Here’s another example. What do you think is more dangerous, a house with a pool or a house with a gun? When, for “20/20,” I asked some kids, all said the house with the gun is more dangerous. I’m sure their parents would agree. Yet a child is 100 times more likely to die in a swimming pool than in a gun accident.
Parents don’t know that partly because the media hate guns and gun accidents make bigger headlines. Ask yourself which incident would be more likely to be covered on TV.
Media exposure clouds our judgment about real-life odds. Of course, it doesn’t help that viewers are as ignorant about probability as reporters are.
Much of what’s written here I’ve said previously, and it echoes this article from Time Magazine (and also this great op-ed from the Los Angeles Times).

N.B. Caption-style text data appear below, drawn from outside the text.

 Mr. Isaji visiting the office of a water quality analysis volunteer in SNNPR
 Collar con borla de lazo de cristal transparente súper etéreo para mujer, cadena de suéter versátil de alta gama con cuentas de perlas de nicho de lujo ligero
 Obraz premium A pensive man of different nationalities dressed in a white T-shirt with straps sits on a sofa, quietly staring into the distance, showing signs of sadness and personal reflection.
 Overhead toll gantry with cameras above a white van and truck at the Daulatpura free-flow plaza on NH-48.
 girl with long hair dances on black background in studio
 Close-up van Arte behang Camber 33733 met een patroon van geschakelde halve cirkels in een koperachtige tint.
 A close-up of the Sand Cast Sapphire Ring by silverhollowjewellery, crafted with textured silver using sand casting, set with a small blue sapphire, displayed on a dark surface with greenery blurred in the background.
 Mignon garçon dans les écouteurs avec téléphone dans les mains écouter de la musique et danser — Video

EDITED TO ADD (7/13): A great graphic.
tgo • August 22, 2007 1:54 PM
“Here’s another example. What do you think is more dangerous, a house with a pool or a house with a gun? When, for “20/20,” I asked some kids, all said the house with the gun is more dangerous. I’m sure their parents would agree. Yet a child is 100 times more likely to die in a swimming pool than in a gun accident.”
I’m with you on this one, but there is a statistics problem here. It is not useful to compare the rate of pool accidents to the rate of gun accidents in order to weigh the risk of a pool-equipped house versus that of a gun-equipped house. The data needs to be normed for rate of gun accidents in gun-equipped houses, versus the rate of pool accidents in pool-equipped houses.
I have no idea what the answer is, but this additional step is needed in order to find out.